Next we cross to the Left Bank to search out the famous Shakespeare & Co. Bookstore. This store, established in the 1920s carries English language books and has been a staple of the expatriate family of English and Americans ever since. The owner was the first person to publish Ulysses, the home away from home for Hemingway and Gertrude Stein. Now, expanding to the surrounding buildings adjoining, it is still selling books to the English language readers, and just tourists. As we approached, the line to enter the store stretched out and through to the street.

We stood in line and finally entered. There was no pressure and we spent a few fine minutes browsing as we do in any bookstore. However the crowds and the heat became over powering. We worked our way out without purchases, but glad for the experience. We then stepped down the block for our afternoon snack. Wine, beer, and Aperol Spritzer not accompany our Cheeseburgers and Hot Dog - French style. At least they were accompanied by the standard frites.

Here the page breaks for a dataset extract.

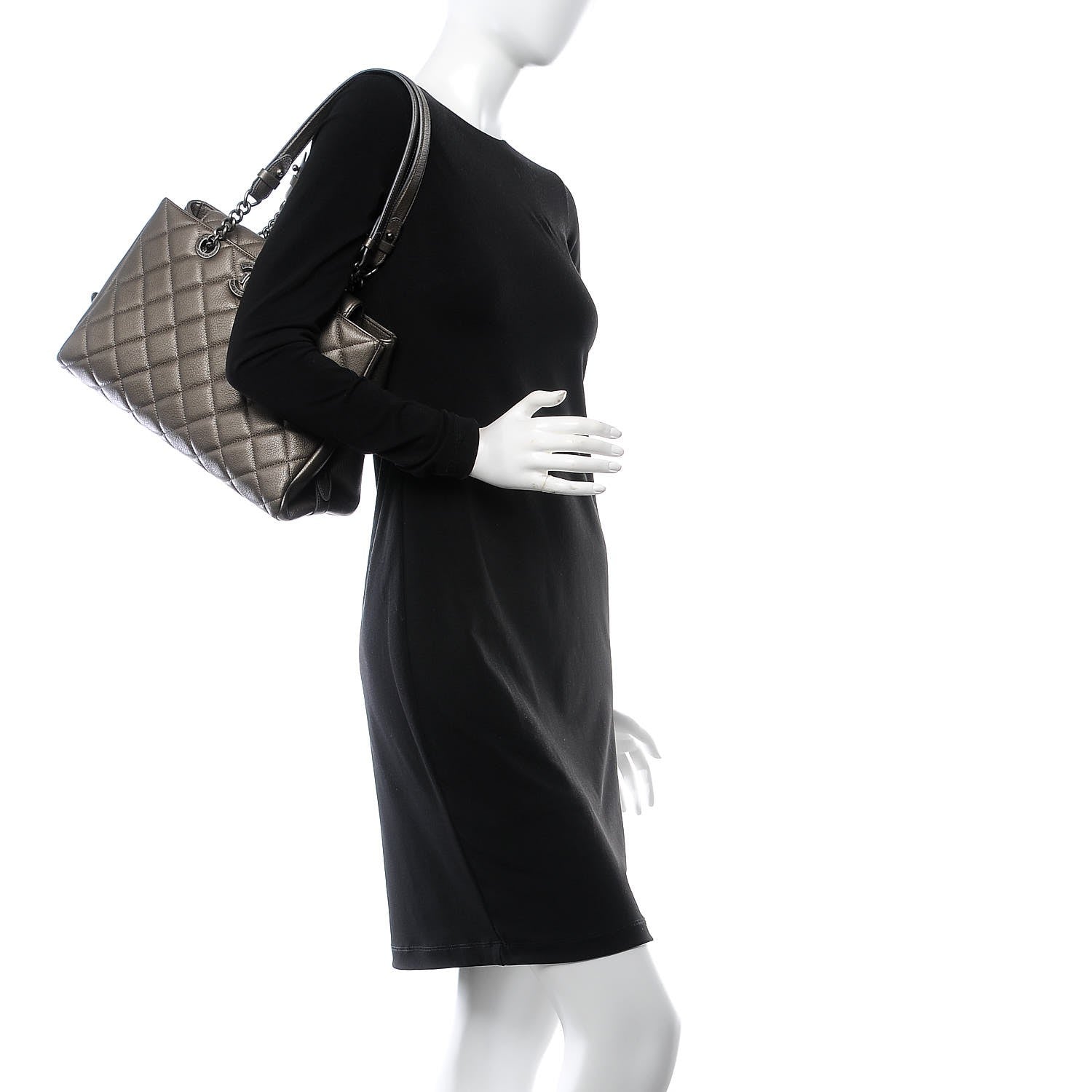 Chanel Metallic Goatskin Quilted Large City Rock Shopping Bag Silver 2 of 8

The cheeseburgers were very loosely formed patties, topped by a very runny cheese sauce. Also on the plate, together with the frites, was a small cup of guacamole and 4 tortilla chips. The Hot Dog was a baguette, split, with a foot long and grated Swiss Emmantel cheese, then cut in half. Not unflavorful but strange. We then head back towards our hotel, walking along the Seine, passing Notre Dame and stopping for an obligatory selfie from the bridge, and then on across the Îles St. Louis and back onto the right bank.

We arrive back around 6:30 and go to our rooms for a rest and to gather again for a plan for the balance of the evening. Lee finds a bucket of ice to cool down the champagne she had received as a Birthday gift from our landlady in Dinan and we decide to gather in our room to open. At 7:30, our phones start erupting with bulletins, and we gather in front of CNN to watch the unbelievable fire consuming the icon we had just spent hours skirting and walking around - Notre Dame. We watched, transfixed and astonished as the flames consumed and the spire came down. With that piece of news culminating our first day, we determined that we should call it a night around 10:00 and regroup for a plan for tomorrow.